Closer Look: SF Massacre Prompts Review Of Vietnamese Immigration Policies
SAN FRANCISCO (CBS 5) - The arrest of Binh Thai Luc for five murders in San Francisco's Ingleside District has focused both local and nationwide attention on U.S. immigration and deportation policies. Questions over why Luc was not deported after he served prison time for violent crimes in the past have arisen in political circles from San Francisco City Hall to the United States Congress.
One legal expert said the issue goes back decades. "The problem with Mr. Luc goes back to the fact that he's from Vietnam," said USF Law Professor Bill Hing. "It goes back, believe it or not, to the Vietnam War."
Hing explained that up until six years ago, Vietnam did not commonly issue travel documents for its former citizens that the United States wanted to send home, even those that had been convicted of a violent crime or those that were in the United States illegally.
"Because we were not on great terms with Vietnam," said Hing. "We could not automatically send someone back to that country. They have to agree to accept those individuals."

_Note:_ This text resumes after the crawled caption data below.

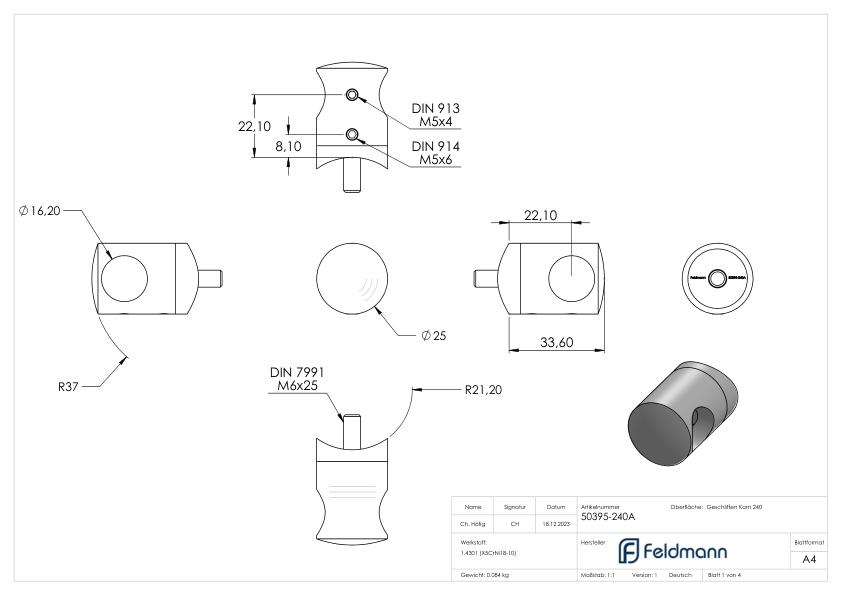 Querstabhalter für 42,4mm Rohr, 16,2mm Bohrung, V2A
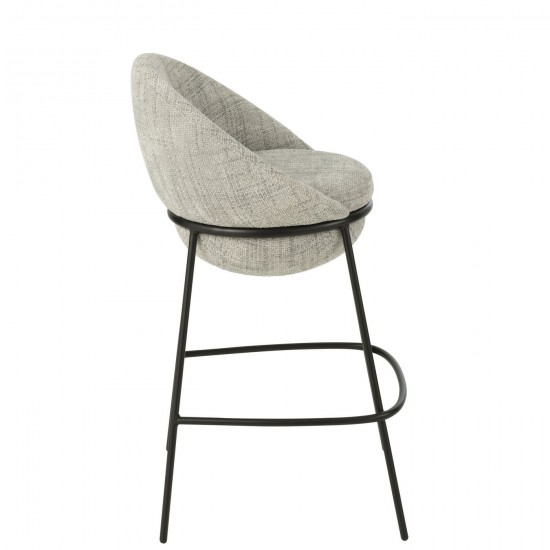 J-Line J Line chaises tabourets de bar Jolipa Tabouret De Bar Fer Gris Noir.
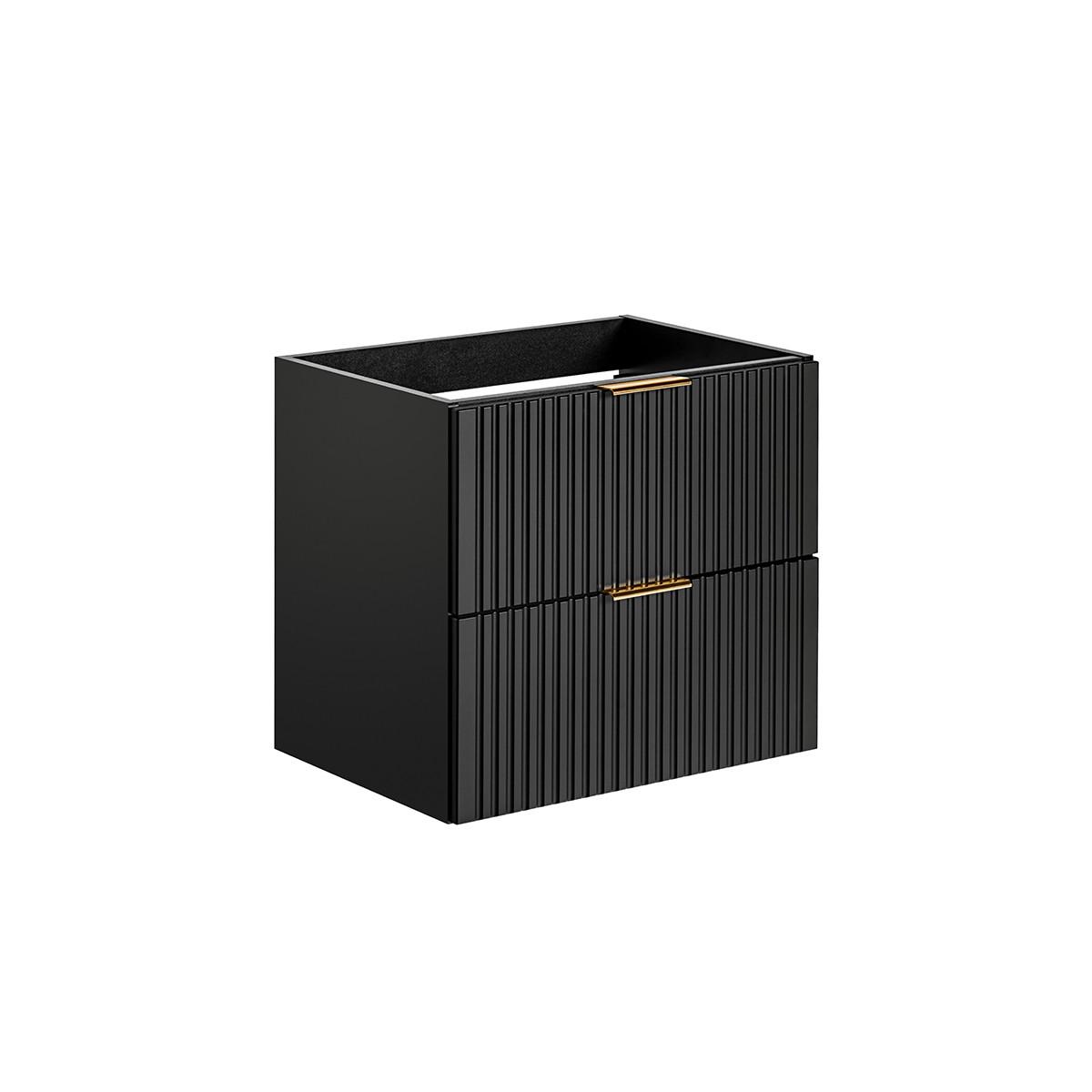 WASCHTISCHUNTERSCHRANK 60.2cm Adriel Mattschwarz - Schwarz, Holzwerkstoff (60.2/57/46cm) - Petits-meubles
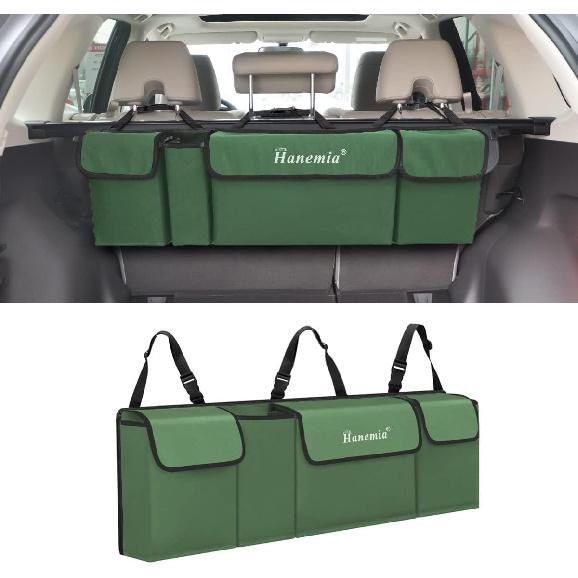 Car Trunk Organizer and Storage, Backseat Hanging Organizer for SUV, Truck, MPV, Waterproof, Collapsible Cargo Storage Bag with 4 Pockets, Car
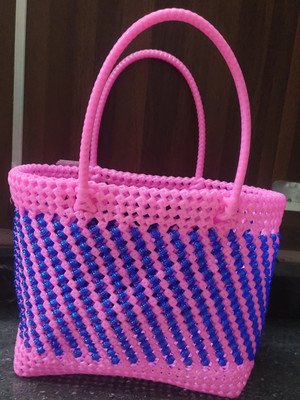 prem Fancy wire bag Plastic Fruit & Vegetable Basket(Pink)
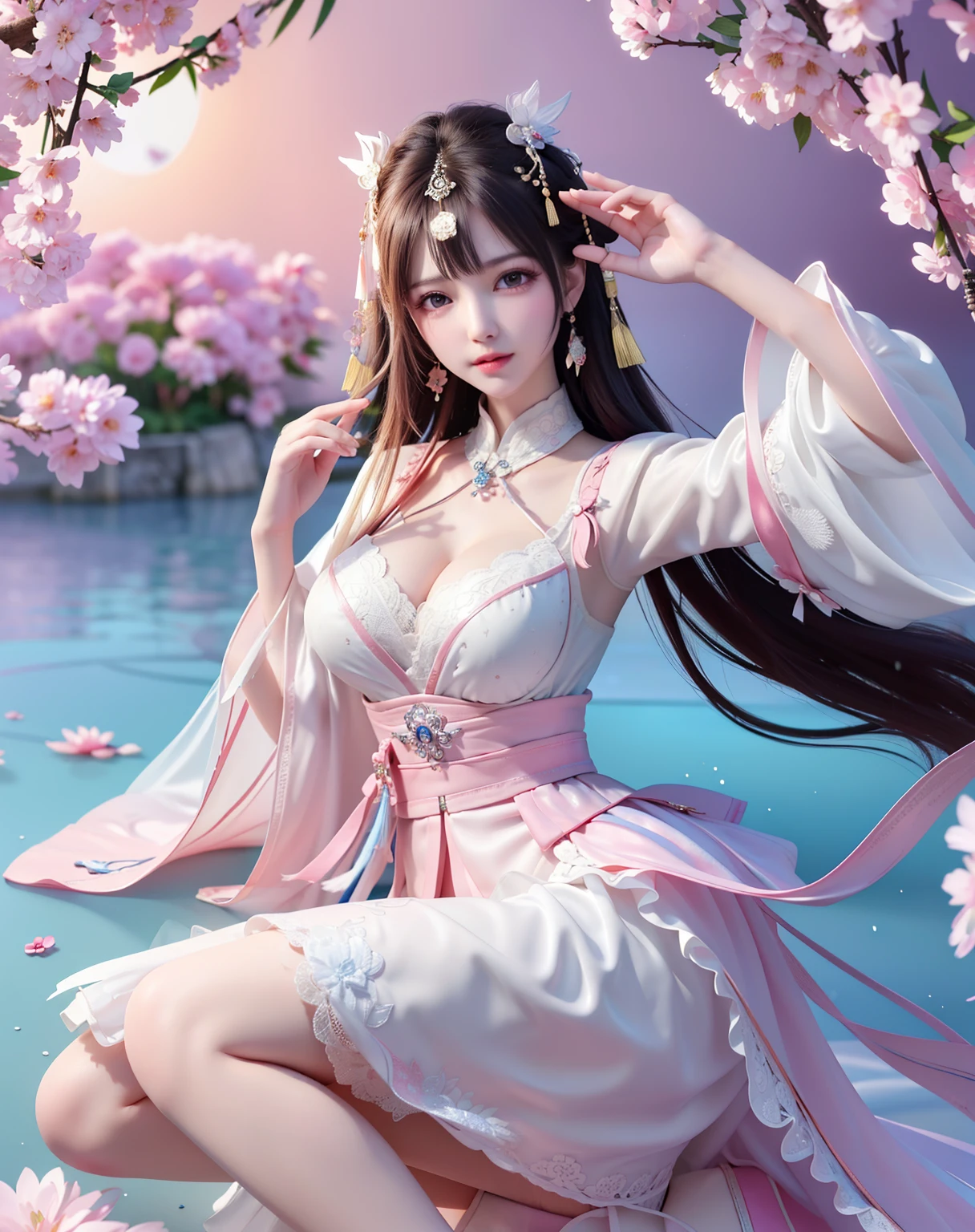 (8k, RAW photo:1.2), best quality, ultra high res,dramatic angle,(fluttered detailed color splashs), (illustration),(((1 girl))),(long hair),(rain:0.9), (Headdress:1.4),There is an ancient palace beside the girl,Hanfu,(Key Points),Color ink painting,(Splash of Color),Splash of Color,(((colorful))),(sketch:0.8) , Masterpiece, best quality, beautiful painted, highly detailed,(denoising:0.6),[splash ink],((ink refraction)), (beautiful detailed sky),moon,highly,detaild,(masterpiece, best quality, extremely detailed） CG Unity 8k Wallpaper，masterpiece，best quality，Ultra Detailed），（Lycoris）.shoulder ballet dress open V-chested clothes Thin silk lace dress short skirt , (huge ，cleavage),, white pink, blue ，best qualtiy，tmasterpiece，Ultra-high resolution，（Reality：1.4），RAW photogr，（True skin texture：1.3），（filmgrain：1.3），（Selfie angle），1个Giant Breast Girl，Beautiful eye and face details，tmasterpiece，Best quality at best，，The chest more exposed， detailed hair, bra pink , detail 8k, full body, lace petticoat. play guzheng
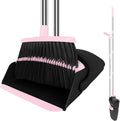 Pink Broom with Dustpan Combo Set 51 Long Handle Household Cleaning Tool Ideal Broom and Dustpan Set for Pet Hair and Home Use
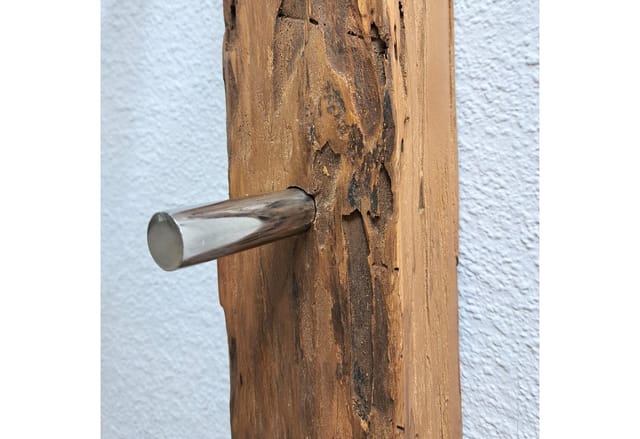 Möbel Akut Wandgarderobe Wandgarderobe 145 cm Teakholz mit 3 Haken B/H/T: 34/145/30 cm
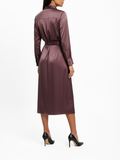 Polo Womens Lara Satin Long Sleeve Shirt Dress In Huckleberry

Vietnam also had to issue the individuals faced with deportation Vietnamese passports, which Vietnam was reluctant to do for refugees that had fled the country's communist regime.
In 2006, Vietnam began allowing citizens back into the country but only if those individuals had left before 1995. Hing said that is because the Hanoi "feels that they are products of the United States, that they entered here as infants and toddlers and that they grew up here and that their criminality has little to do with them being Vietnamese."
As for Luc's release from custody after he had served his sentence, Hing sited the Supreme Court's 11-year-old ruling that immigrants cannot be held indefinitely while waiting for their deportation travel documents. The court ruled that after 180 days, the convicted individuals have to be given a chance to show that they have rehabilitated for their crimes.
Hing also said that he feels there will be pressure now for Vietnam to issue travel documents to its citizens awaiting deportation in the United States, and to issue those documents quickly.
To date, Hing said the United States releases 4000 immigrants each year after those individuals have served prison time. That number comprises individuals from a wide range of countries, not just Vietnam.